La principal diferencia entre la lactosa y el jarabe de maíz es su índice glucémico (IG). El índice glucémico mide la rapidez con la que un alimento eleva los niveles de glucosa en sangre:

  • Lactosa (Azúcar natural): Tiene un índice glucémico moderado. Se digiere lentamente, proporcionando una energía constante y permitiendo que el páncreas del bebé trabaje de forma equilibrada.
  • Jarabe de maíz: Tiene un índice glucémico muy alto. Provoca picos bruscos de glucosa en sangre, lo que obliga al cuerpo del bebé a producir grandes cantidades de insulina para procesarlo. Este esfuerzo constante puede fatigar las células pancreáticas desde una edad temprana.

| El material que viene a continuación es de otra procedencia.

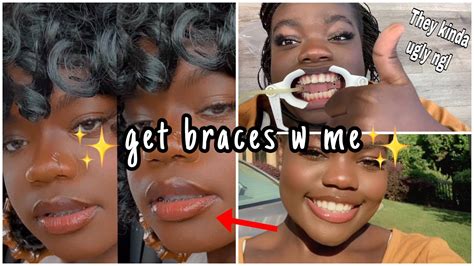 Getting Braces Vlog Youtube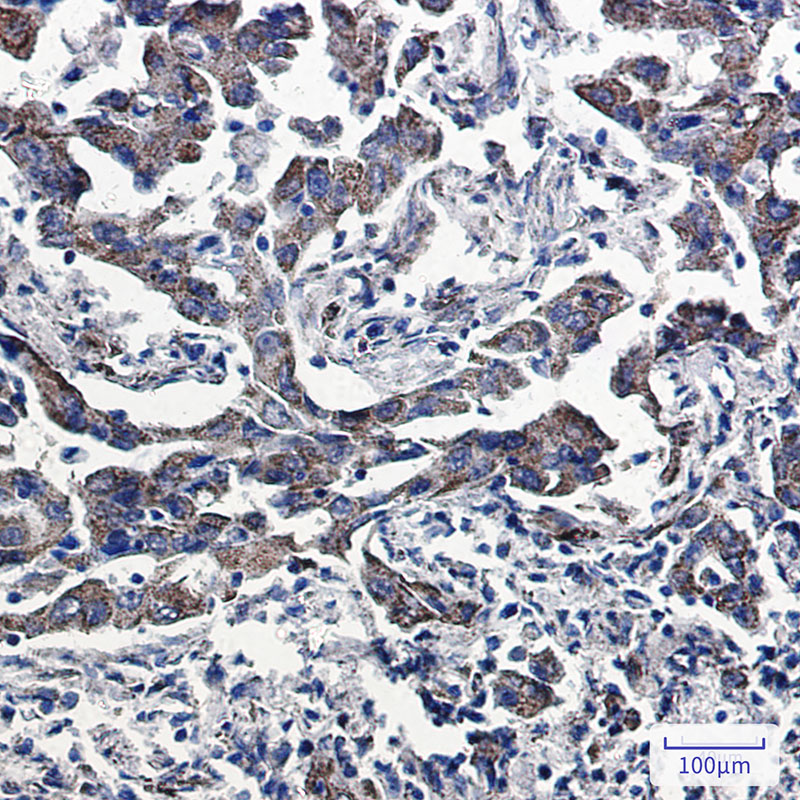 Peroxiredoxin 5 Rabbit mAb ABZ2585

Consecuencias para la salud futura

El consumo de jarabe de maíz de alta fructosa y otros derivados del maíz en fórmulas infantiles se asocia con tres problemas críticos de salud:

  1. Programación del paladar: Al ser significativamente más dulce que la lactosa, el jarabe de maíz “entrena” el cerebro del bebé para preferir sabores intensamente dulces. Esto dificulta la aceptación posterior de alimentos saludables como verduras y hortalizas durante la alimentación complementaria.
  2. Riesgo de obesidad infantil: Los picos de insulina provocados por estos jarabes facilitan que el exceso de energía se almacene como tejido adiposo (grasa) de manera más eficiente que con los azúcares naturales.
  3. Alteración de la microbiota intestinal: A diferencia de la lactosa, que favorece el crecimiento de bacterias beneficiosas (prebióticos naturales), los azúcares procesados pueden alterar el equilibrio de la flora intestinal, lo que afecta el sistema inmunitario del niño.

¿Cómo identificarlo en la etiqueta?

Es fundamental revisar la lista de ingredientes de la fórmula. El jarabe de maíz puede aparecer bajo nombres como:

  • Sólidos de jarabe de maíz.
  • Jarabe de glucosa.
  • Jarabe de maíz de alta fructosa (JMAF).

Si este ingrediente aparece entre los tres primeros de la lista, significa que es la fuente principal de energía de ese producto, desplazando a la lactosa que es el carbohidrato biológicamente adecuado para un ser humano en crecimiento.